House debates
Wednesday, 4 May 2016
Matters of Public Importance
Economy
3:22 pm
Alex Hawke (Mitchell, Liberal Party, Assistant Minister to the Treasurer) Share this | Hansard source
I will take the Manager of Opposition Business's interjection. He asks if we will campaign on that. We will campaign on small business. We will campaign on tax cuts for small business. We will campaign on lifting the threshold to $10 million, and I will tell you why. While we lower the rate for small business, small businesses will be enabled to grow and add more workers. They will be able to access the instant asset write-off. They will spend more in our economy. They will enable more purchasing. They will enable their business to grow, adding more employees. Jobs and growth—that is why the coalition will campaign on tax cuts for small and medium Australian businesses.
It is the Labor Party that wants to deny a tax cut to 90,000 small and medium Australian businesses that are doing it tough competing against multinationals and other large competitors in Australia. It is the Labor Party that wants to deny a tax cut to those businesses. It says you are a large business in this country if you get $2 million of turnover. That is the Labor Party's position. It says you are suddenly a large multinational company if you have a turnover of $2 million or if you sell one sandwich over $2 million you are suddenly a large business and you do not deserve a tax cut. That is the Labor Party's position.
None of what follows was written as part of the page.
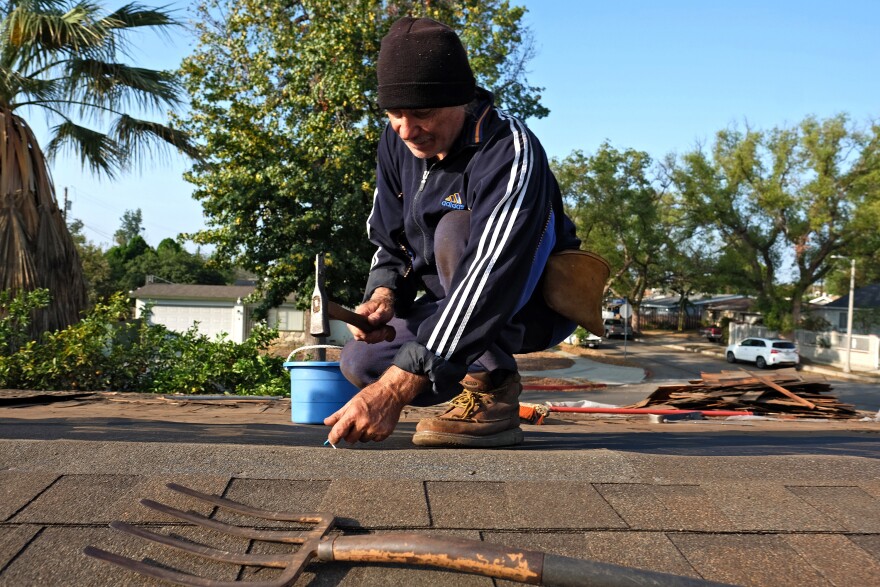 File: Roofer Michal Swiderski works on putting in a new roof of his home in the Panorama City section of Los Angeles on Saturday, Oct. 17, 2015.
We absolutely reject that notion. We reject it because we understand the real economy. We understand how hard it is for a small business to grow in this country. We understand what non-competitive rates of business tax do on the international stage when you want to export your goods, and we understand what they do to your ability to add an extra worker, to put on an extra shift, to grow your business or to invest in a new asset.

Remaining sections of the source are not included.